In a hearing last week in the Circuit Court of Cook County the City of Chicago sought to have all of the bicycle lanes installed throughout the City declared “recreational facilities.” The effect of this creative legal maneuver would have been to immunize the municipality for injuries to bicyclists caused by the City’s failure to keep its bike lanes safe for riders.
The matter arose from a lawsuit filed against the City where a Chicago bicyclist was severely injured when she struck a large water filled hole located in the middle of a marked bike lane at 1124 North Damen Avenue. The suit alleged that the City was aware of the hole for some time and that it had a tendency to fill with water, creating a hidden danger for bicyclists. It also alleged that despite this knowledge it failed to take measures to fix the hole. Generally, the law requires the City of Chicago, like any other owner of property, to maintain its property in a reasonably safe condition. This requirement does not mean that the City is automatically liable anytime someone is injured on its property. But where the City knows or should know, of a hazard on its land it must take reasonable steps to fix it. This general rule does not apply to what are known as “recreational facilities,” such as “parks, playgrounds. . . or other enclosed recreational facilities.” For these types of places, an injured person has the burden to show that the City willfully and wantonly failed to maintain its property in a safe condition. This is a much harder burden to meet. An injured person would need to prove that the City showed a reckless disregard for his or her safety, a showing very close to intentional conduct. The practical effect would be to immunize the City from any negligence on its part to properly maintain its bicycle lanes.

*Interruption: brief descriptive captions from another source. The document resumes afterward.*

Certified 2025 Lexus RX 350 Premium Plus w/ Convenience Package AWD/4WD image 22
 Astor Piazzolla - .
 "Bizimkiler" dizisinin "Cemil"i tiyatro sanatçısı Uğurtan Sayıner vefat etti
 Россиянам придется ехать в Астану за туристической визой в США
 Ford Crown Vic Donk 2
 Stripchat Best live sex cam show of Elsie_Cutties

It is not unusual for Chicago to fail to respond to dangerous conditions that develop in its bike lanes. It is important for the City to recognize that, just like anyone else, it must fix dangers to reduce the chance of injury. If it does not then there must be consequences. Fortunately, last week a Cook County judge denied the City’s attempt to free itself of responsibility under such circumstances. The City’s law department strenuously asserted that Chicago’s bike lanes are akin to playgrounds and should therefore be declared recreational facilities as a matter of law. On behalf of the injured bicyclist our law firm argued in response:
A part of a street designated for bike traffic is no more a recreational area than that part of the same street designated for motor vehicle traffic or pedestrians. . . Bicycle lanes in Chicago, while sometimes enjoyable places in which to travel, have been installed to facilitate basic transportation. To hold otherwise as a matter of law would be to sanction the degradation of the bicycle as a mere toy for those with excessive leisure time, instead of a simple tool that may be used to cheaply, efficiently and healthfully transport residents of Chicago from point A to point B.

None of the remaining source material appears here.